▶ _ABOUT THIS EXERCISE_
Copy the material below verbatim from the line with "Picture 5 of 7" to the line with "Broadstairs Beach and", both lines included, omitting pictures and every line outside that range.

▶ _INFORMATION SHOWN_
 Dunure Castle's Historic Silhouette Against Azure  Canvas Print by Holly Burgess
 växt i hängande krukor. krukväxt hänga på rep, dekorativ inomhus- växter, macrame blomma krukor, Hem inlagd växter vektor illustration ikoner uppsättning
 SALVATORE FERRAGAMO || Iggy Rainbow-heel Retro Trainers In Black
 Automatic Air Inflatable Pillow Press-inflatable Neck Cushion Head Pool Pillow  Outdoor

--

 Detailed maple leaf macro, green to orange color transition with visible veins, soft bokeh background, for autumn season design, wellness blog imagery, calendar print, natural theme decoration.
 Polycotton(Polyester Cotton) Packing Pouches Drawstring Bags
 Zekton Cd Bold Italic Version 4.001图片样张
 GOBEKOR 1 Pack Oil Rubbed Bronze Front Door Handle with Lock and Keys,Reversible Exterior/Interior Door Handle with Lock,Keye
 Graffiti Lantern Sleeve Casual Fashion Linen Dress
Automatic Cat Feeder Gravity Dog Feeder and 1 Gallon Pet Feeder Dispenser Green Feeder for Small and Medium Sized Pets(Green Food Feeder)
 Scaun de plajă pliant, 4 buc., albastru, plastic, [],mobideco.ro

--

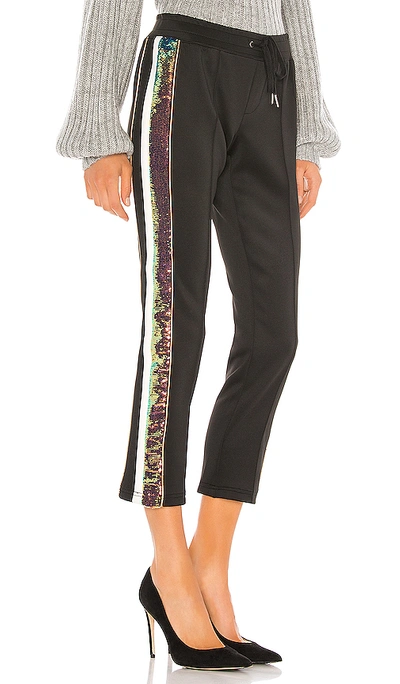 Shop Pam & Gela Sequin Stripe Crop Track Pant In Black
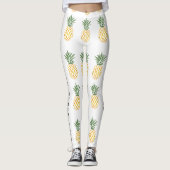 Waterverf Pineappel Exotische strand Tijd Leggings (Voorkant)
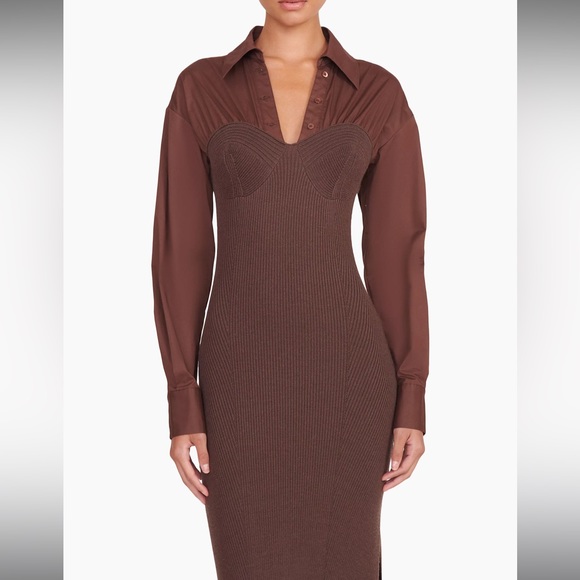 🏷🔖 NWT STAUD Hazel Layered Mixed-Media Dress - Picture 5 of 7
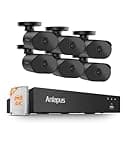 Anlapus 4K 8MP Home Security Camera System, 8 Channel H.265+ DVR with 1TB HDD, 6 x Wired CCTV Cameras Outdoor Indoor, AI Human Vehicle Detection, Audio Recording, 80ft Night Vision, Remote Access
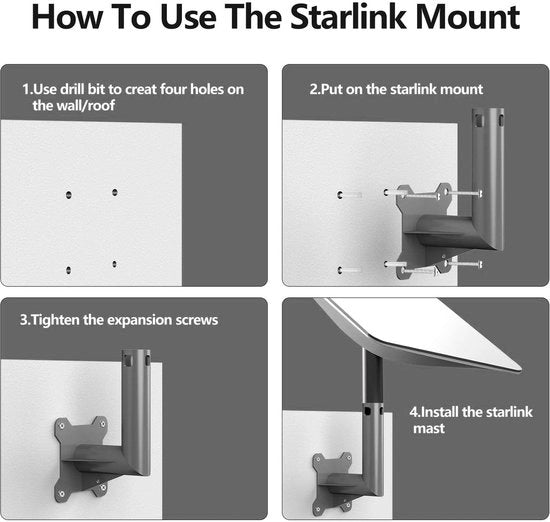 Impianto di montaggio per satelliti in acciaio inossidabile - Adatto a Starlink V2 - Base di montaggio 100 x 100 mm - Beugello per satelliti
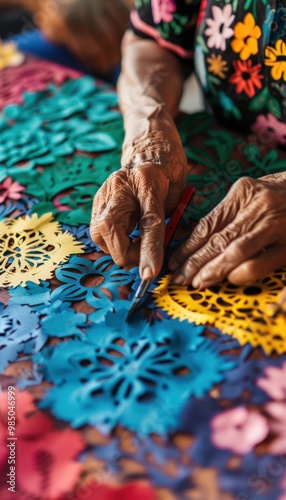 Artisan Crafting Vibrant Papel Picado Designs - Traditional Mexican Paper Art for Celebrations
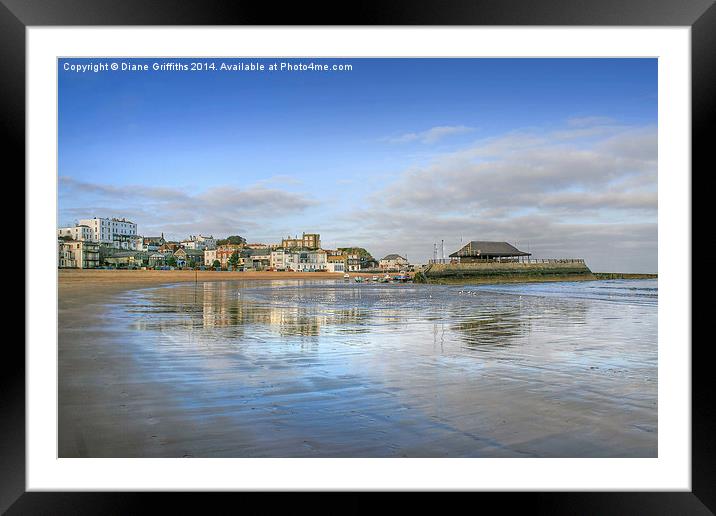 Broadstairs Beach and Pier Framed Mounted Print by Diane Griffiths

▶ _THE ANSWER_
 🏷🔖 NWT STAUD Hazel Layered Mixed-Media Dress - Picture 5 of 7
 Anlapus 4K 8MP Home Security Camera System, 8 Channel H.265+ DVR with 1TB HDD, 6 x Wired CCTV Cameras Outdoor Indoor, AI Human Vehicle Detection, Audio Recording, 80ft Night Vision, Remote Access
 Impianto di montaggio per satelliti in acciaio inossidabile - Adatto a Starlink V2 - Base di montaggio 100 x 100 mm - Beugello per satelliti
 Artisan Crafting Vibrant Papel Picado Designs - Traditional Mexican Paper Art for Celebrations
 Broadstairs Beach and Pier Framed Mounted Print by Diane Griffiths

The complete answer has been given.